« Nous ne voulons pas d’un internet à l’américaine où les entreprises privées ont tous les droits, ni d’un internet à la chinoise dominé par un Etat hégémonique. Il faut donc construire une voie nouvelle avec les acteurs privés et la société civile. Il y aura à l’avenir davantage de régulation, c’est une certitude, il faut donc construire cette régulation d’une manière coopérative qui ne bride pas la liberté d’expression mais qui soit efficace », a déclaré Emmanuel Macron le 12 novembre dernier à l’IGF (Internet Governance Forum). Dans la foulée, il a annoncé une expérimentation d’un nouveau genre avec Facebook, qui, si elle s’avérait concluante, pourrait déboucher sur une co-régulation des contenus haineux.

A compter du 1er janvier 2019, Facebook s’engage à partager, pendant six mois, ses outils et ses méthodes de lutte contre les contenus haineux avec un groupe de travail formé par des salariés de Facebook et des représentants des autorités publiques françaises (Arcep, Cnil, CSA, Dinsic, etc.). L’objectif est d’aboutir à une meilleure efficacité de la chasse aux contenus racistes, antisémites, homophobes ou sexistes. Pour l’instant, on ne connaît guère les contours de cette tentative de collaboration ; tout dépendra de la bonne volonté du réseau social. Va-t-il vraiment dévoiler ses algorithmes ou se retrancher derrière le secret des affaires ?

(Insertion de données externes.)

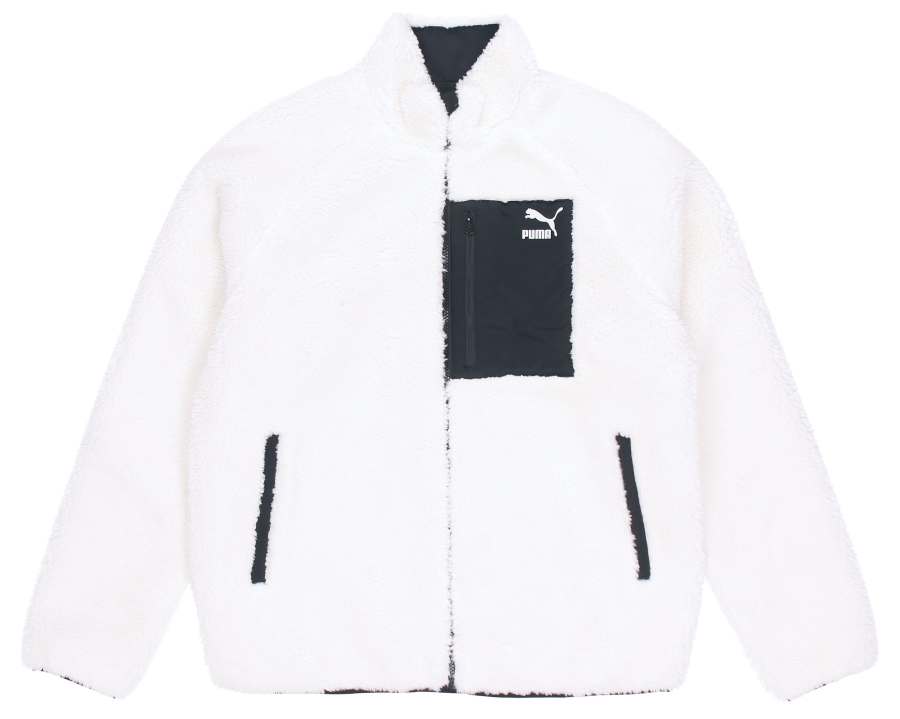 PUMA T7 Velvet Jackets Men's White Stand Collar Thickened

Chacun des deux camps a besoin de l’autre. Facebook doit donner un minimum de gages à un Etat qui, aujourd’hui ouvert à une solution souple et pro-business, pourrait imposer une législation contraignante à l’allemande. Sans aller jusque-là, le Président de la République s’est cependant montré favorable à l’instauration d’un « tiers statut » baptisé « accélérateur de statut » pour les réseaux sociaux et moteurs de recherche qui seraient soumis à une obligation de transparence dans la lutte contre les contenus illicites et de traitement des alertes. De son côté, l’Etat ne possède pas les moyens techniques ni les compétences des Gafa pour combattre efficacement les messages indésirables et a besoin d’une coopération effective des géants du net.

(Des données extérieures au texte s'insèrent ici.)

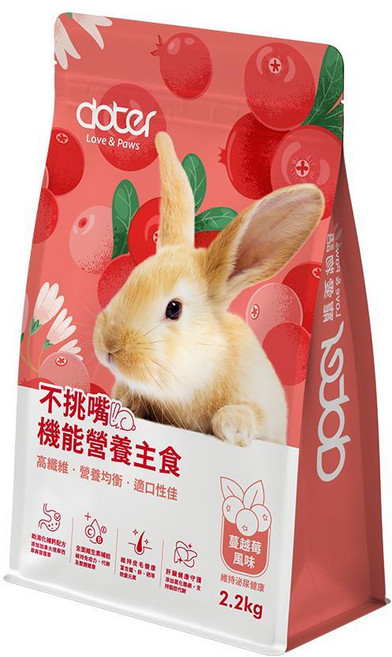 五星級寵物 Doter寵愛物語 寵愛兔主食 兔飼料 兔乾糧 水果牛奶, 1個, 蔓越莓風味2.2kg, 2.2kg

Constat d’impuissance de l’Etat face à l’inefficacité de la loi ? Abandon de pouvoirs régaliens à quelques acteurs privés étrangers ? Il ne faut peut-être pas exagérer la portée de ce nouveau partenariat, abusivement décrit comme de la co-régulation. La prudence s’impose face aux promesses de ces sociétés high tech. En refusant de se rendre à Londres pour s’expliquer devant une commission parlementaire internationale à l’invitation de dix parlements, Mark Zuckerberg n’a pas envoyé de signe de coopération.